R, respondent; NR, non-respondent; RR, response rate.
Non-respondents include: (i) those eligible to respond who did not do so; and (ii) those ineligible to respond (e.g. because of death or institutionalization).
Response rates include ineligible sample members as non-respondents and should be interpreted with caution. See Table 2 for more informative response rates.
From the initial sample of 58 270 students in 1980, a random subset of 26 830—including 14 830 sophomores and 12 000 seniors—has been re-interviewed on multiple occasions since 1982. By design, this longitudinal cohort sample included disproportionate numbers of base-year sample members from policy-relevant subpopulations (e.g. high-achieving racial and ethnic minorities, students from Catholic and other private high schools, high school dropouts, and students planning to pursue post-secondary schooling). Carefully constructed sampling weights allow researchers to produce statistical estimates that reflect the population from which students were selected. Nearly all panellists were born between 1962 and 1965, thus being between 56 and 59 years old in 2021.
How often have they been followed up?
All panel members were re-surveyed in 1982, 1984, and 1986; sophomores were re-surveyed in 1992 and 2014; and seniors were re-surveyed in 2015. As the time of this writing in 2021, both sophomores and seniors are being re-interviewed and invited to participate in home health visits.

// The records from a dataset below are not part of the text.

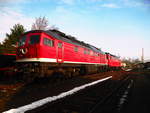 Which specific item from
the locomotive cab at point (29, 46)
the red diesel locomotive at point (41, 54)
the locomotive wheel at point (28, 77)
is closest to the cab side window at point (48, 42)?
the red diesel locomotive at point (41, 54)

The HSB surveys have had remarkably high response rates—ranging from ∼90% in the 1980s to ∼65% in the 2014–15 follow-ups2,3: see Tables 1 and 2 for more details. As shown in Table 1, there are differentials in response rate by socioeconomic status, race/ethnicity, and nativity such that less advantaged people, the foreign-born, and members of racial/ethnic minority groups are less likely to respond—but nonetheless response rates through 1992 were universally and remarkably high. Response rates were somewhat lower in 2014/15—although by current standards they were quite good. Several methodology reports from 1980 onward describe differential response rates and the construction of corresponding panel weights (e.g. 2, 3).
Table 2.
Summary of data collection, 1980–2021
| Survey wave | Cohort (modal age) | Data collection method | Target sample sizea | Achieved sample sizea | Response rate |
|---|---|---|---|---|---|
| 1980 | Sophomores (15) | In-school student questionnaire | 33 930 | 28 240 | 83% |
| In-school achievement test | 33 930 | 27 070 | 80% | ||
| Seniors (17) | In-school student questionnaire | 36 770 | 30 030 | 82% | |
| In-school achievement test | 36 770 | 25 570 | 70% | ||
| Schools (n/a) | Mail-back principal questionnaireb | 1020 | 1000 | 98% | |
| Teachers (n/a) | Mail-back comment formc | 70 700 | 35 347 | 50% | |
| Parents (n/a) | Mail-back questionnaire | 7200 | 6560 | 91% | |
| 1982 | Sophomores (17) | In-person student questionnaire | 29 740 | 28 120 | 95% |
| In-person achievement test | 29 740 | 26 220 | 88% | ||
| Seniors (19) | Mail-back questionnaire, in-person interview, or telephone interview | 12 000 | 11 230 | 94% | |
| Schools (n/a) | Mail-back principal questionnaire | 990 | 970 | 98% | |
| 1984 | Sophomores (19) | Mail-back questionnaire, in-person interview, or telephone interview | 14 830 | 13 680 | 92% |
| Seniors (21) | Same as for sophomores in 1984 | 12 000 | 10 930 | 91% | |
| 1986 | Sophomores (21) | Mail-back questionnaire, in-person interview, or telephone interview | 14 830 | 13 430 | 91% |
| Seniors (23) | Same as for sophomores in 1986 | 12 000 | 10 540 | 88% | |
| 1992 | Sophomores (27) | Telephone interview | 14 830 | 12 640 | 85% |
| 2014d | Sophomores (48) | Telephone interview, internet questionnaire, or mail-back questionnaire | 14 070 | 8790 | 62% |
| 2015d | Seniors (51) | Telephone interview, internet questionnaire, or mail-back questionnaire | 11 300 | 6930 | 61% |
| 2021 | Sophomores (56) | Telephone interview, internet questionnaire, or mail-back questionnaire AND in-home health visit | [Now in the field] | ||
| Seniors (58) | Same as for sophomores in 2021 | [Now in the field] | |||
All sample sizes are rounded to the nearest 10 as per the terms of our NCES resricted data use agreement. Response rates are calculated based on the rounded (not the more precise) sample sizes.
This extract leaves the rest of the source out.